Several of those individuals who testified both in the legislature during the hearings and on the steps of the state capitol building are featured in a new book called Changed: #OnceGay Stories. The book provides a snapshot into the lives of dozens of men and women who left homosexuality and transgenderism, many of whom recount how various kinds of counseling helped them. Several of these individuals are now in heterosexual marriages and have children.

Van Mol gave testimony against AB2119 in both Assembly and Senate Human Services Committees, representing the American College of Pediatricians as co-chair of their Committee on Adolescent Sexuality during the hearings.

"With AB 2119 the state of California is directing that any foster child with gender dysphoria should be 'affirmed' in fighting their biological sex, despite such not being proven safe or beneficial, for a condition that goes away by adulthood 80-95% of the time," he told CP.

The California Family Council has been actively opposing the bill, and believes the floor vote will likely take place Thursday.

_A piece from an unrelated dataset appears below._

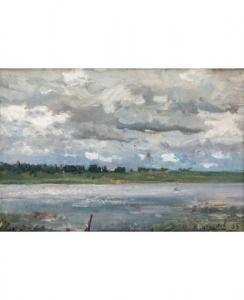 MESHKOV Vassily Nikitich 1867-1946,The Cloudy Sky,1935,Shapiro Auctions US 2017-03-18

The Assembly will have to vote on the measure again due to an added amendment, the advocacy group noted. Governor Jerry Brown, a Democrat, is expected to sign the legislation should it reach his desk.

Even the Los Angeles Times has criticized AB 2943, arguing in May that the bill goes too far.

"[I]t's true that AB 2943 covers only sexual orientation change efforts that result in the 'sale or lease of goods or services' and thus wouldn't affect a lot of religious communications in which no money changes hands. But what if a minister urged someone he or she was counseling to buy a book or enroll in a religious seminar that charged a registration fee? Treating that activity as consumer fraud would raise serious constitutional questions," the LA Times editorial board wrote in an May 7 op-ed.